Храм ночи - страница 6

стр.

Потом наступила очередь пиров и застолий, в которых еще недавно киммериец бывал главным заводилой и поражал окружающих умением выпить, не пьянея, кувшин-другой вина. Теперь же он угрюмо цедил весь вечер стаканчик слабенькой немедийской кислятины, кривясь при взрывах хохота, которым дюжие гвардейцы, хлебнув лишку, встречали выходки придворных шутов и записных тарантийских острословов. Просидев трапезу в гробовом молчании, король тяжко вздыхал, поднимался, сметая на пол нетронутые блюда с некогда любимыми грубыми яствами, и удалялся в свои покои.

От Военных Советов Конну пришлось отца мягко отстранить, благо киммериец и не сопротивлялся.

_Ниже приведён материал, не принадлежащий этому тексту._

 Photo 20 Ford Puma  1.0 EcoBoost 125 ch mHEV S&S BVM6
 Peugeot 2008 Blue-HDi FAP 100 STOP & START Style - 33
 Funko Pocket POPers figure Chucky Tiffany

Это пришлось сделать после того, как король, откровенно дремавший при обсуждении дел в краю боссонцев, вдруг встрепенулся и отдал командирам столичных полков несколько энергичных и бессмысленных приказов, даже не взглянув в сторону озадаченно перешептывающихся полководцев.

Конн в это время отсутствовал во дворце, стараясь вызволить из добровольного заточения Троцеро, а въезжая в столицу, заметил подозрительную тишину в казармах Черных Драконов. На его вопросы придворные лишь разводили руками и указывали на Конана, неподвижно сидевшего перед камином в Зале Советов. Закончилась королевская затея большими жертвами — кавалерийские полки ускоренным маршем выдвинулись в Боссонские Топи и, не имея общего командования, углубились в коварные Пиктские Пустоши. Посланные Конном сотники собрали все отряды следопытов и лучников пограничных наместников, но только на вторую седмицу, после изматывающих боев с вечно ускользающим противником, смогли вырвать из пасти лесных демонов сильно потрепанные, поредевшие полки латников.

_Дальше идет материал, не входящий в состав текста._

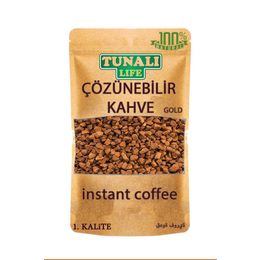 Tunalı Life 100 gr Gold Çözünebilir Kahve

На упреки сына Конан лишь зевнул и велел выгнать из Совета слабоумных ублюдков, «не обеспечивших прикрытие легкими войсками бронированного клина».

— Впрочем, я не очень помню, в чем был замысел… — проговорил король, зябко кутаясь в меховую мантию. — Наверное, надо было выйти к морю… Да, великое западное море… Простор, воля, кровавые схватки, жаркое солнце…

Голова киммерийца склонилась на грудь, и он захрапел, оставив Конна в полной растерянности и с нехорошими подозрениями в душе. Военные Советы с тех пор проводились без короля.

Хандра была долгой, затем она сменилась неожиданным буйством.

Как-то раз паж в сопровождении телохранителей и оруженосцев вошел поздним утром в опочивальню короля. Это само по себе могло изрядно удивить былых соратников Конана — некогда верный своим варварским привычкам, киммериец и после кровавой битвы, и после утомительного марша или изнурительной попойки вскакивал с первыми лучами солнца. Затем, непременно самолично облачившись, будил задремавших караульных и слуг пинками и зуботычинами. С некоторых пор порядки в покоях государя сильно переменились.

На крики пажа примчалась половина дворцовой стражи, немедленно послали за наследником. Полный самых мрачных предчувствий, Конн вбежал в королевскую опочивальню и увидел лишь распахнутое окно. Розовый куст внизу был совершенно смят могучим телом Конана, которое обрушилось в самую его сердцевину со второго этажа. Часовой, прибежавший на шум и попытавшийся поинтересоваться у отряхивающейся от лепестков и комьев земли августейшей особы причиной столь ранней прогулки, получил приказ отправиться в караулку и удавиться. Киммериец прошел на конюшню и, обнаружив, что парочка стражников распивают пиво вместе с помощником конюха в подвальчике, из непонятного озорства захлопнул дубовую дверцу и подпер ее вывороченной из земли мраморной урной, вывел своего коня… а далее следы короля терялись в лабиринте столичных улочек.

Конн задумчиво поглаживал с трудом водруженную на место двумя королевскими телохранителями урну и размышлял, как отразится на последующих событиях то, что отец при, несомненно, начавшемся помутнении рассудка все еще весьма крепок телом.

Дознаватели мастера Хриса, поднятые по тревоге, вместе с дворцовой стражей в течение трех дней разыскивали короля. Но в знакомстве со злачными местами Тарантии с Конаном вряд ли могли потягаться даже лучшие ищейки Железной башни. Они шли по следу, перетряхивая кабаки, воровские притоны и дома терпимости. И потом, Конан оставался все еще легендарным Конаном в глазах столичных жителей, и у него не было шансов долго блуждать по городу, не привлекая внимания никого из своих подданных.